In the Torah, it strictly outlines that G-d is the almighty and true judge, not the Hardei who will tell people if they’re Jewish enough. It’s almost as if this power would make them feel better about themselves, which G-d has told us in many different stories that to try to possess the power that G-d has is blasphemy.

I always wonder what these people would have told Ruth, who converted simply with, “Wherever you will go, I will go. Let your people become my people and your G-d, my G-d.” Would the Haredi tell her, the woman who would be one of the direct ancestors to King David and, eventually, our Messiah, that she wasn’t Jewish enough? After all, she was a Moabite woman, and she wasn’t supposed to be allowed to convert according to Jewish law. And yet she did, showing loyalty and being given the gift that from her line that the savior of her people would be born.

It’s here when I realize that I feel like that the Israel that I would want to be a part of is never going to exist. After all, it’s Israel that arrested Anat Hoffman, a member of the group Women of the Wall, for carrying a Torah scroll. It’s Israel that won’t recognize the fact that I’m married because I put in an important amendment into my ketubah, or marriage contract. It’s Israel that thinks it’s a good idea to give the Jewish world identity, particularly to those in the Diaspora, to a bunch of extremists. Israel, when I was younger, seemed to be a place where we can all be Jews together. Now, it seems, we can only be Jews if they say that we can be Jews.

I understand now why the secular Jews of Israel have such disdain for the minority of the Orthodox. Not only are they paying taxes so that the ultra-Orthodox won’t have to work, but now they are trying to force their ideas down everyone’s throats. And now, they’re trying to do it with Americans, who, when we go to Israel in the future, would not be considered Jewish because these rabbis say so. It’s isolating the people who love and believe in you. With Israel being such a PR disaster already, why would you want to do something stupid like that?
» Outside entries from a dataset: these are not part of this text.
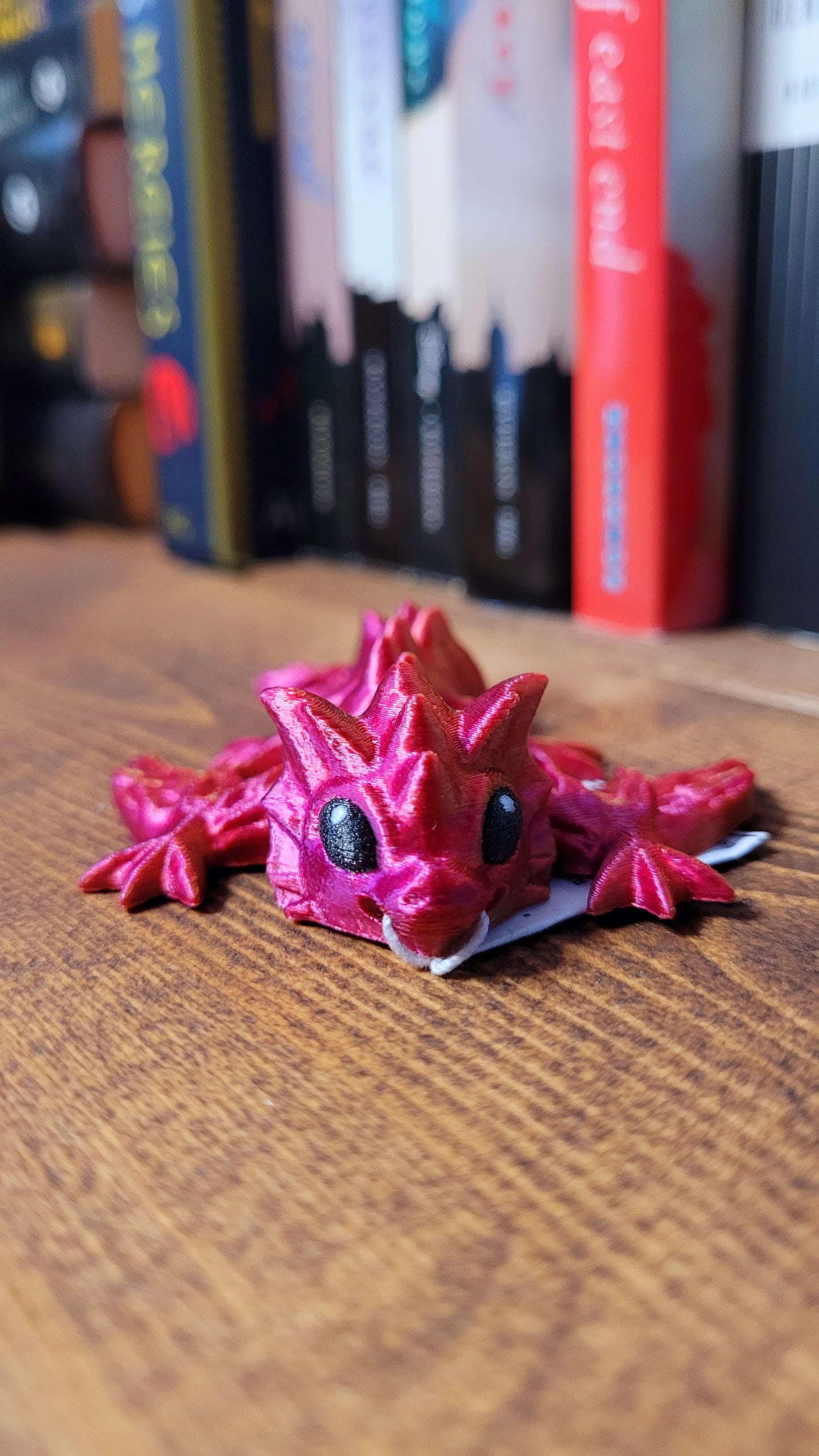 Tiny Wyvren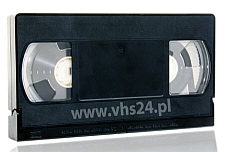 przegrywanie vhs na dvd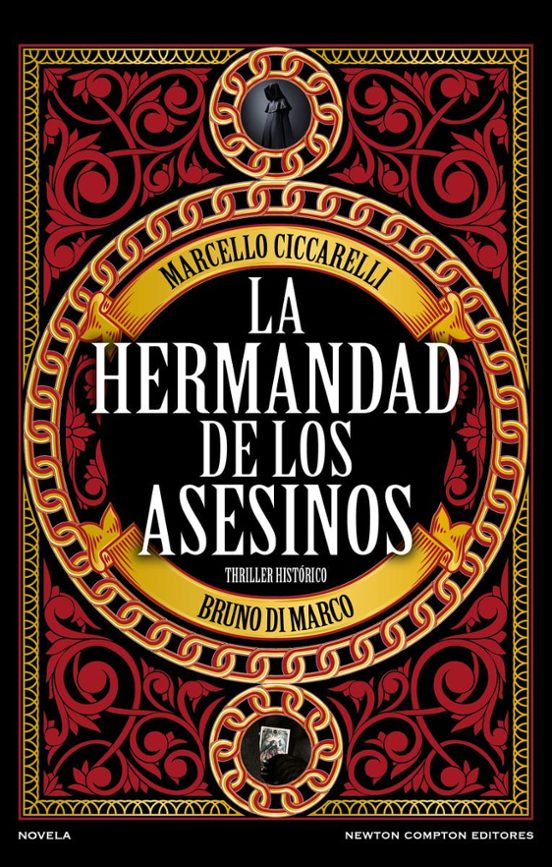 La Hermandad De Los Asesinos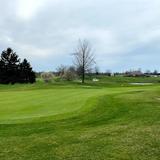 Gibson Bay Golf Course
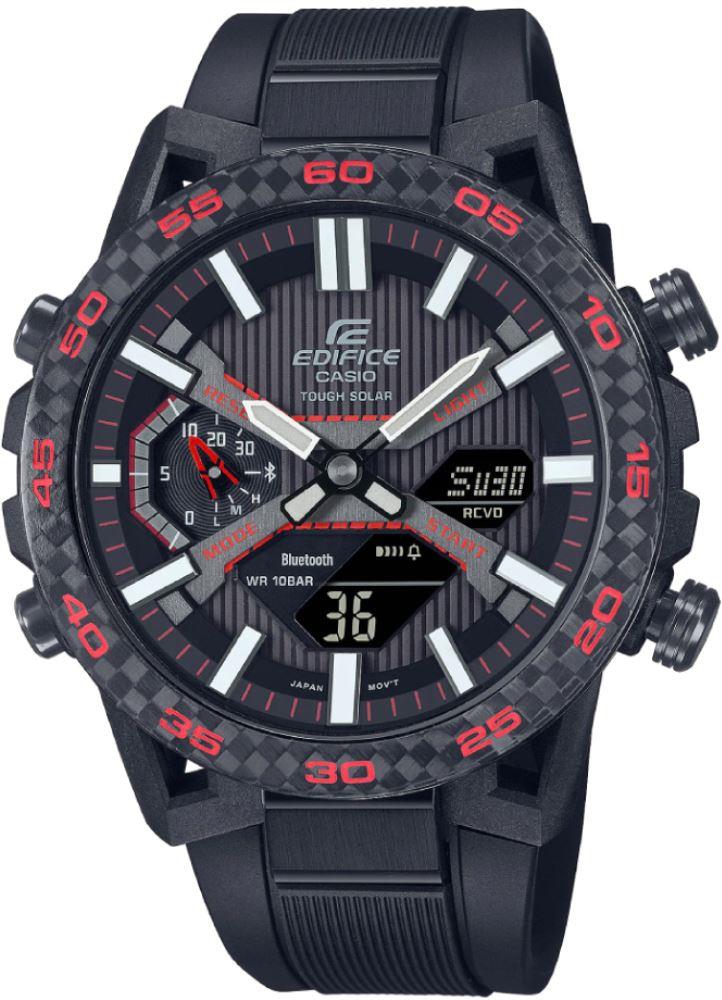CASIO ECB-2000PB-1ADF Erkek Kol Saati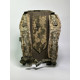 Штурмовий рюкзак 18 л (+8 л) піксель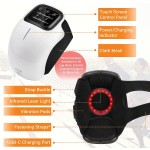 Knee Massager Supplier - Wireless Pain Relief Arthritis Heat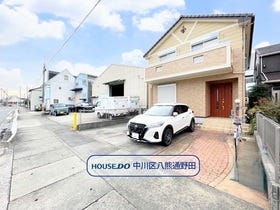 名古屋市中川区南脇町１丁目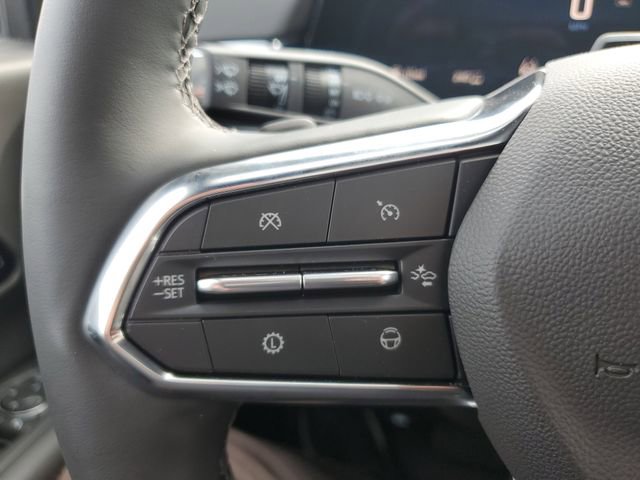 New 2026 Chevrolet Tahoe High Country w/ LPO, Illumination Package image 21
I would love if, in my lifetime, I could see the Holy Temple in Jerusalem be built up once more. But I have to ask the Haredi – how do you expect it to be built if you reject the majority of Jews from being a part of it? How are we going to get our Meshiach when all you want to do is fight those who are Jewish, identify as a part of the Jewish people and want to help shape our destiny?

So today, I wish on this Ninth of Av that we do not destroy ourselves by dividing us against one another. The Hardei could really use a lesson in that.

And since it is the Ninth of Av, it’s traditional not to eat, so therefore, there will be no recipe… just some food for the mind instead.